Angel investors backed away from seed and startup investments last year, according to the University of New Hampshire's Center for Venture Research. In 2009, ten percent less private capital, compared to 2008, went to bright ideas or new companies.
On the other hand, despite deep recession and record unemployment, more new businesses were started in 2009 than any year since 1995, according to the Kauffman Foundation.
Are people foolish to start new businesses in this economic climate? Is that why angels are afraid to invest in them?
Why Start A New Business When Times Are Tough?
Record unemployment motivated many people to start about 500,000 new businesses each month last year. People who were laid off, who worked for shaky companies, or who were just exasperated had to find a way to keep groceries on the table. With few job openings and lots of people looking, creating their own job seemed to be a good strategy.
Entrepreneurship was highest among 35 to 44-year-olds, but 55 to 64-year-olds showed the largest increase in new business building, continuing a two-year trend.
Oklahoma and Montana had the busiest beavers, but entrepreneurs in Texas and Idaho were close behind. Alabama, Mississippi, Nebraska, Pennsylvania, and Minnesota produced the fewest new businesses per capita.
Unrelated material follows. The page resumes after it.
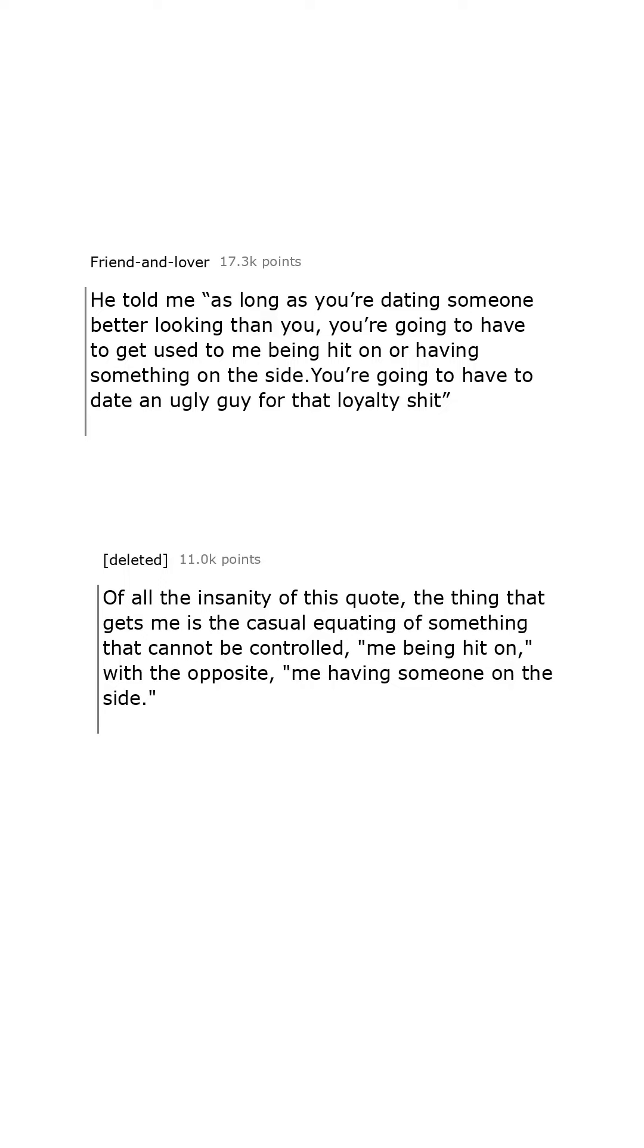Of all the insanity of this quote, the thing that gets me is the casual equating of something that cannot be controlled, me being hit on, with the opposite, me having someone on the side.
According to the Kauffman study's author, Robert W. Fairlie, "Entrepreneurial activity generally is highest in western and southern states, and lowest in the Midwestern and northeastern states." Houston had the highest entrepreneurial rate in 2009; Seattle had the lowest rate.
While necessity may be the mother of invention, that's not the only reason people start businesses. And it's not the only requirement for success.
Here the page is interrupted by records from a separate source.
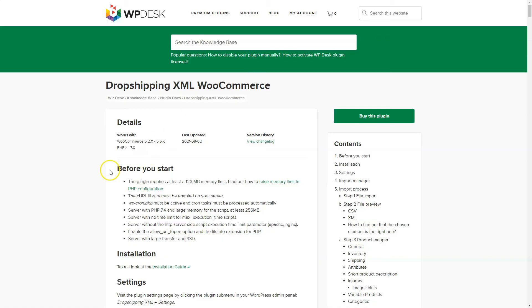Check requirements for the plugin and server configuration. That will ensure the fluent imports and updates of products in your store.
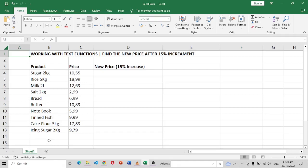Hi everyone, so in this video we're going to learn how we can work with some text functions in Excel. Let's say we want to find a new price after a 15% increment for this store.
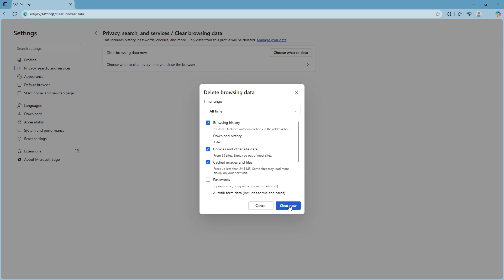Once you've tried these solutions, the issue should be resolved, allowing you to browse safely and securely without any interruptions. If you followed along, your connection on Microsoft Edge should now display as private.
I had dinner a few nights ago with the co-founder of Alpine Access. When data-over-voice communications became possible, he realized that people and computers could use a single phone line at the same time. He understood that technology and future developments could make it possible to build an all-virtual call center. The company he started ten years ago has 2800 agents working from home in 35 states, and is poised to reach $100 million in revenue. His company is no start-up, but angels and venture firms are knocking on the door almost daily.
With new business starts at an all time high, regardless of the motivation, you'd think shopping for good investments would be easier. But private investors aren't going there.
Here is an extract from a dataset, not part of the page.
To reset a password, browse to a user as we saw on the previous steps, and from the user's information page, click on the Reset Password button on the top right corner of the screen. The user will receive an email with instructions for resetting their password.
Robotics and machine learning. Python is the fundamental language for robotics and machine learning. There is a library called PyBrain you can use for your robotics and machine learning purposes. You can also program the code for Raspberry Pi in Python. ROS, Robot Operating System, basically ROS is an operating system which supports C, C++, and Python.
Why Are Angels Afraid of Start-ups?
Seed and startup stage companies have never been a favorite of investors for one obvious reason: They're risky. While the failure rate is nowhere near the mythical "9 out of 10 don't last a year" — it's closer to 6 out of 10 — the fact is that companies that have been around a while are more likely to produce a return on the investor's dollar.
Another reason investment in startups is down is because investors may have to put more money into companies they've already added to their portfolio. Declining consumer spending and lower revenue can quickly deplete a company's cash reserves if expenses aren't or can't be controlled. In a sense, investors are forced to double down to protect their investment.
Finally, angels' tolerance for risk change during a down economy, too. Their own income may be lower for the same reason as everyone else's, and as savvy investors they may decide this is a good time to play their cards close to their vest.
Entrepreneurship Drives the Economy
The sad part about the decline in startup investment is that entrepreneurship drives our economy, yet recent stimulus programs essentially ignored angels and the companies they invest in.
Even in the '81-'82 recession about half of all small business owners thought conditions would improve. Today, only 11 percent do, which is a huge difference. Business owners and investors, almost unanimously, just don't think things are going to get better any time soon. With that mindset, even people who have money aren't going to spend it.
The scary part is that the people in Washington with no private market experience may continue to try to create jobs (Stimulus II?) by laying on more debt and only making things worse. Instead, legislation that will support new business startups and encourage private investment could fuel the engine that makes our country run.
Tom Harnish is a serial entrepreneur. Always on the bleeding edge of technology, he learned what works (and what doesn't) when raising money by spending countless (and often fruitless) hours in front of lenders and investors.